## Problem description
Leaving out the images, transcribe every record below exactly.

## Exercise input
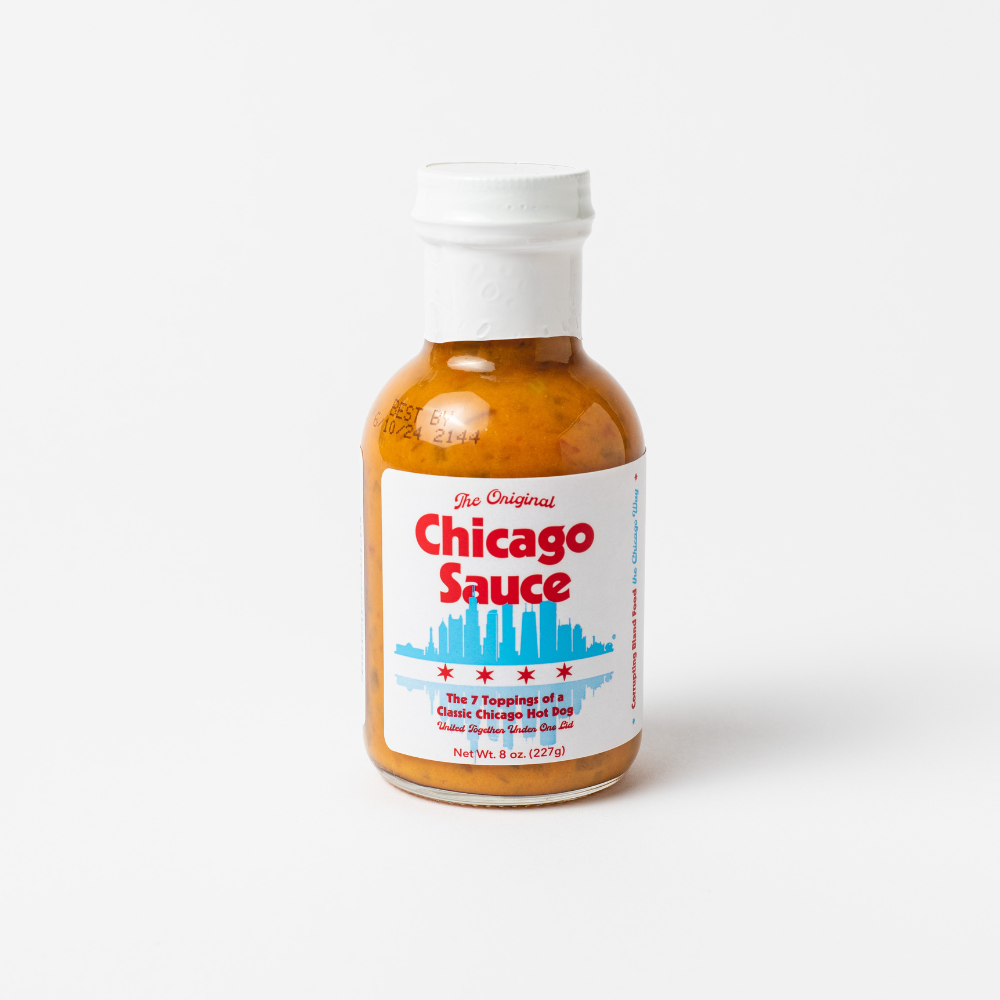 Groß Fork Die Original Chicago Sauce, die echte Windy City Sauce Flaschen Fall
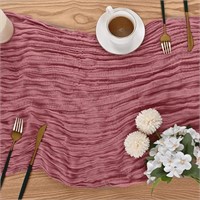 P3413  YMHPRIDE Cheesecloth Table Runner 35 x 120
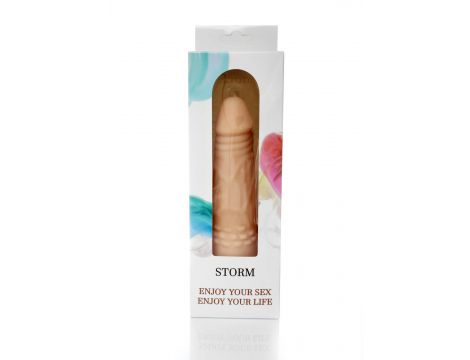 Wibrator realistyczny Storm CyberSkin 12 trybów - 4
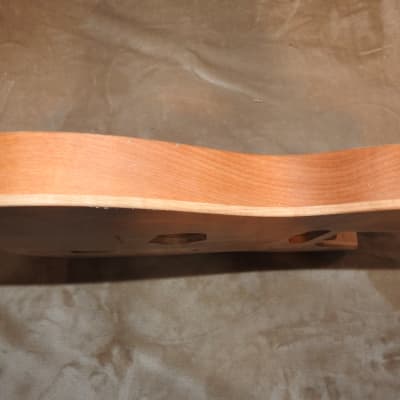 Unfinished Telecaster Body Book Matched Figured Flame Maple Top 2 Piece Alder Back Chambered Very Light 3lbs 4oz! image 22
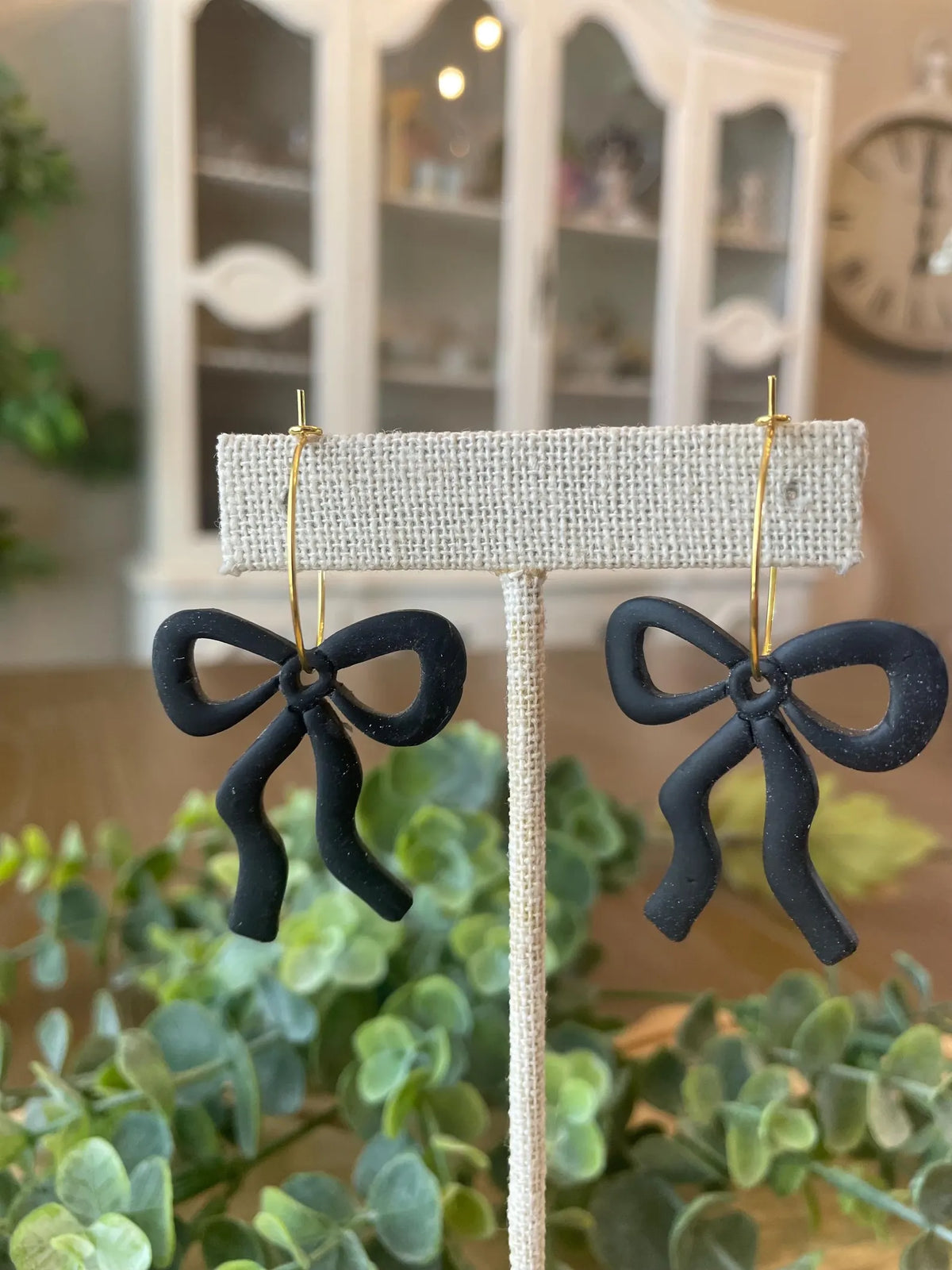 Black Earrings | Polymer Clay | Handmade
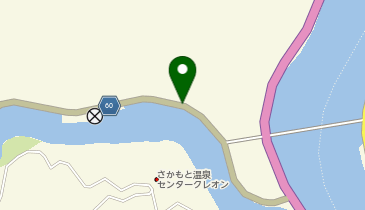 百済来川釣場葉木橋付近の地図画像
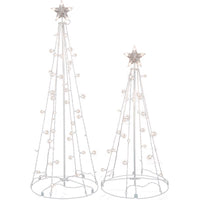 Celebrations LED Cool White String Light Tree 3 ft. and 4 ft. Yard Decor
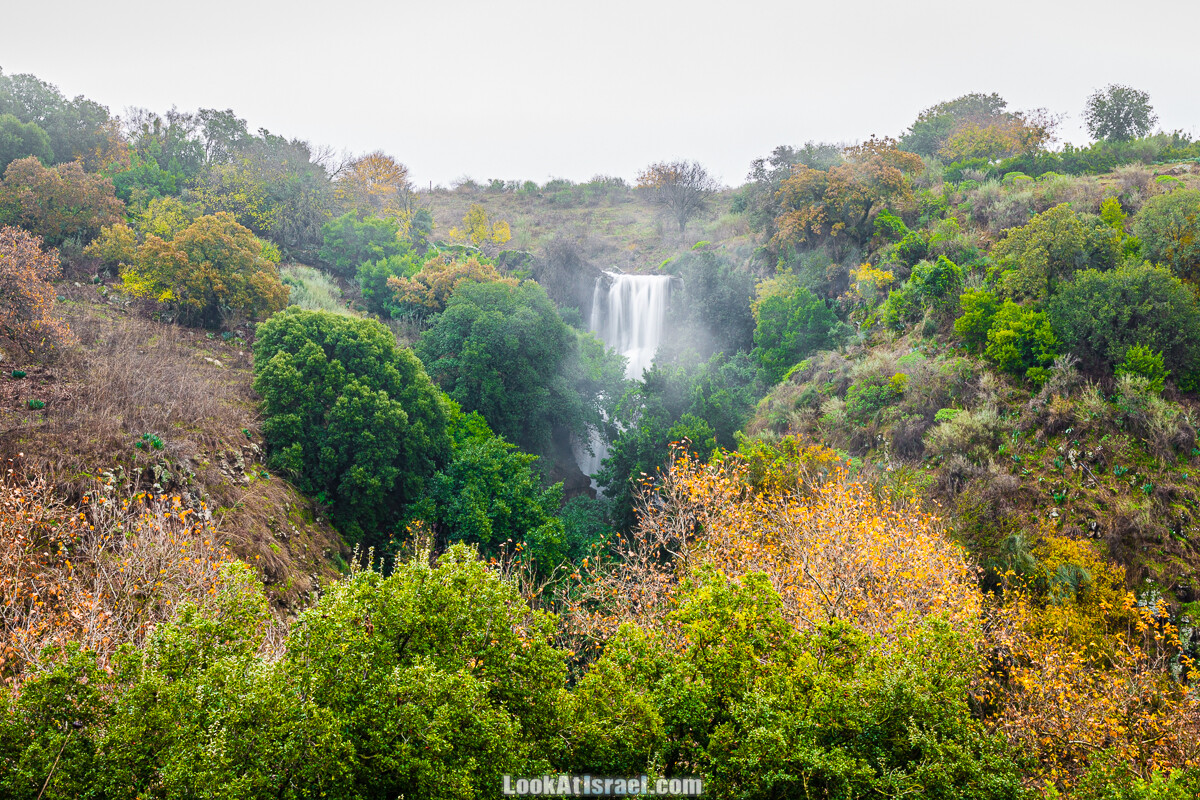 Голанские высоты - водопад Фара, гора Хермонит, Тель а-Саки | Fara waterfall, Hermonit mt, Tel a-Saqi | LookAtIsrael.com - Фото путешествия по Израилю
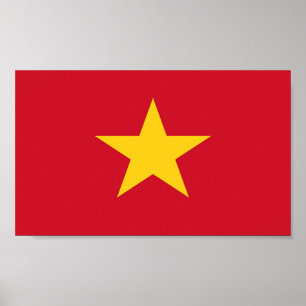 Flagga i Vietnam Poster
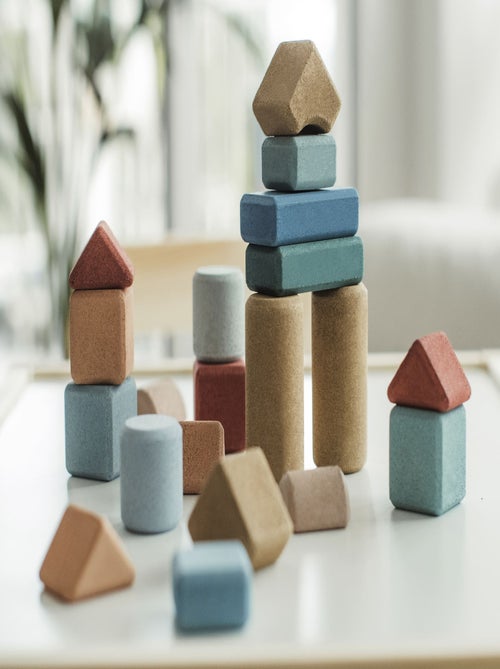 Coffret de blocs de construction en liège - 20 pcs - Kiabi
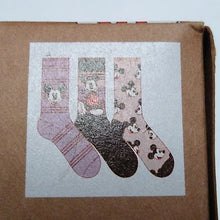 Load image into Gallery viewer, Boxed Disney Mickey + Friends Size 6-12 socks, 6 pairs
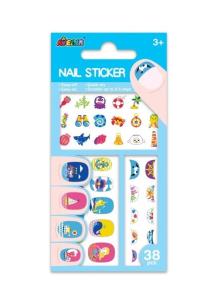 NAKLEJKI NA PAZNOKCIE NIEBIESKIE. Wydawca: AVENIR. Multiszop.pl Opakowanie NAKLEJKI NA PAZNOKCIE NIEBIESKIE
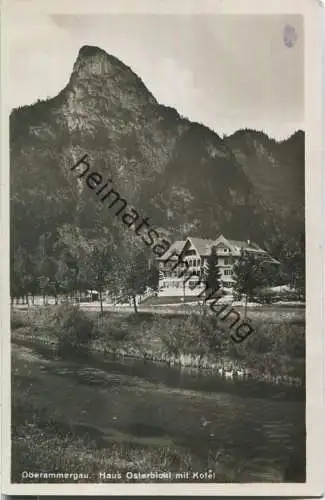 Oberammergau - Haus Osterbichl mit Kofel - Foto-Ansichtskarte - Verlag W. Pfingstl Oberammergau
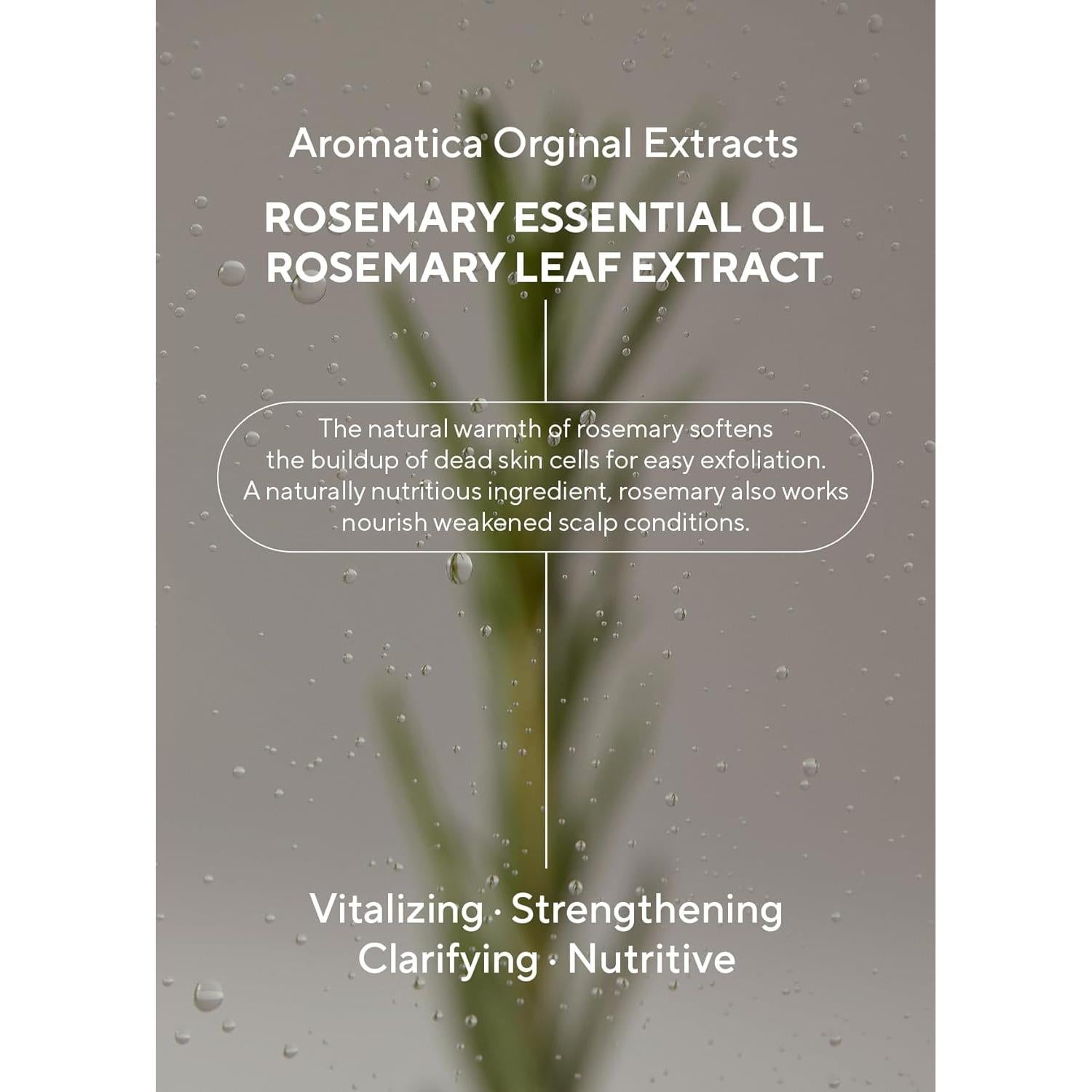 Tratamiento Capilar 3-en-1 AROMATICA Romero 160ml - Nutre e Hidrata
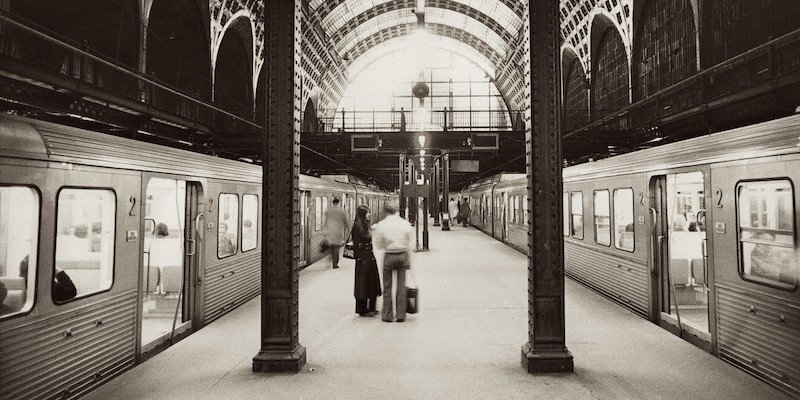 RER trains at Gare d'Orsay, c. 1970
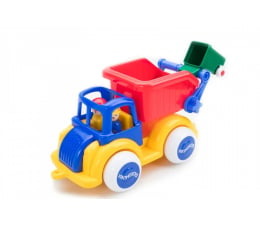 Zabawka dla małych dzieci Viking Toys Śmieciarka z figurką Jumbo
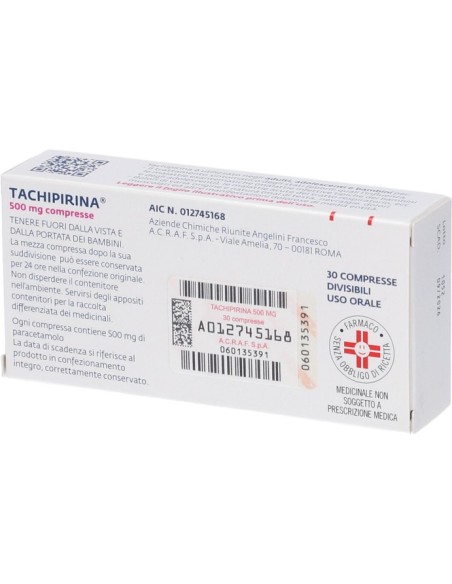 Tachipirina 500mg 30 Compresse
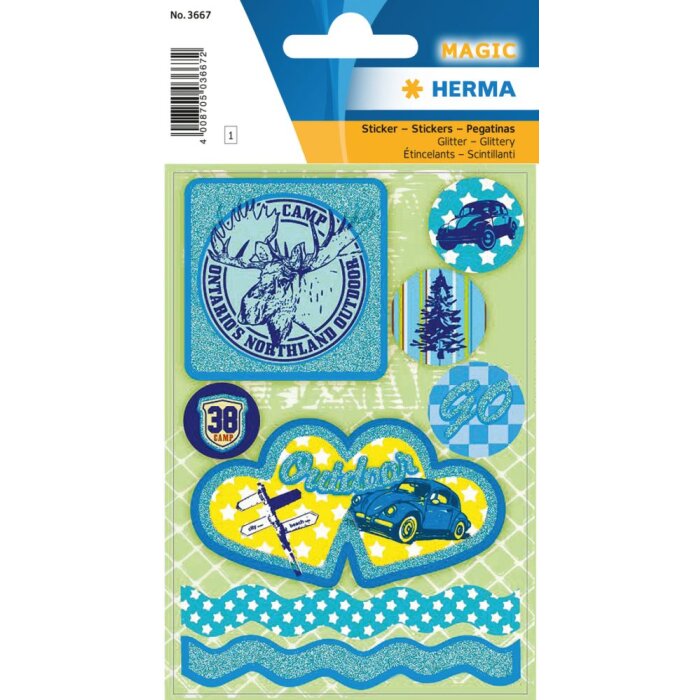 Herma MAGIC Sticker MAGIC Canada Feeling, Glittery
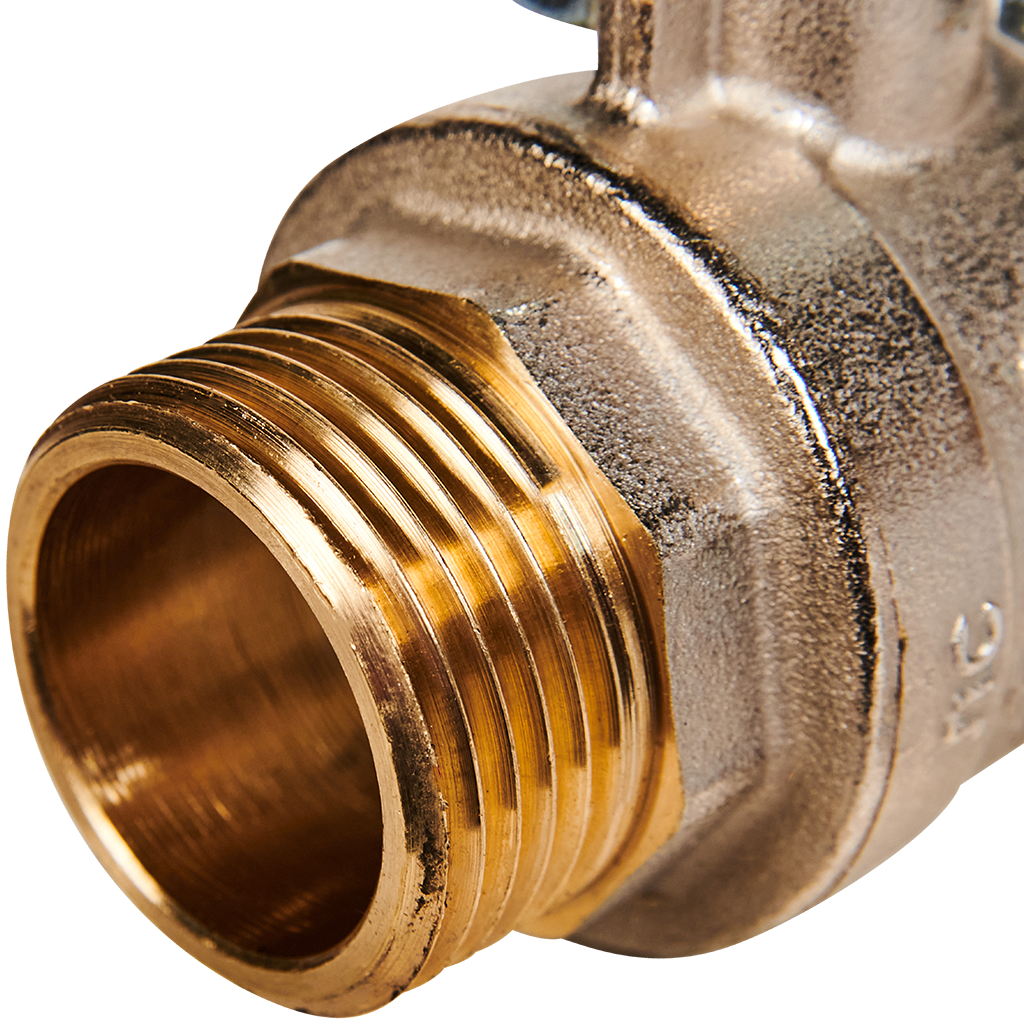 Кран шаровой полнопроходной STOUT НР/НР ручка рычаг 1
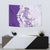 Polynesian Purple Plumeria Lei Tapestry with Hammerhead Shark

## Completed exercise
 Groß Fork Die Original Chicago Sauce, die echte Windy City Sauce Flaschen Fall
 P3413  YMHPRIDE Cheesecloth Table Runner 35 x 120
 Wibrator realistyczny Storm CyberSkin 12 trybów - 4
 Unfinished Telecaster Body Book Matched Figured Flame Maple Top 2 Piece Alder Back Chambered Very Light 3lbs 4oz! image 22
 Black Earrings | Polymer Clay | Handmade
 百済来川釣場葉木橋付近の地図画像
 Celebrations LED Cool White String Light Tree 3 ft. and 4 ft. Yard Decor
 Голанские высоты - водопад Фара, гора Хермонит, Тель а-Саки | Fara waterfall, Hermonit mt, Tel a-Saqi | LookAtIsrael.com - Фото путешествия по Израилю
 Flagga i Vietnam Poster
 Coffret de blocs de construction en liège - 20 pcs - Kiabi
 Load image into Gallery viewer, Boxed Disney Mickey + Friends Size 6-12 socks, 6 pairs
 NAKLEJKI NA PAZNOKCIE NIEBIESKIE. Wydawca: AVENIR. Multiszop.pl Opakowanie NAKLEJKI NA PAZNOKCIE NIEBIESKIE
 Oberammergau - Haus Osterbichl mit Kofel - Foto-Ansichtskarte - Verlag W. Pfingstl Oberammergau
 Tratamiento Capilar 3-en-1 AROMATICA Romero 160ml - Nutre e Hidrata
 RER trains at Gare d'Orsay, c. 1970
 Zabawka dla małych dzieci Viking Toys Śmieciarka z figurką Jumbo
 Tachipirina 500mg 30 Compresse
 Herma MAGIC Sticker MAGIC Canada Feeling, Glittery
 Кран шаровой полнопроходной STOUT НР/НР ручка рычаг 1
 Polynesian Purple Plumeria Lei Tapestry with Hammerhead Shark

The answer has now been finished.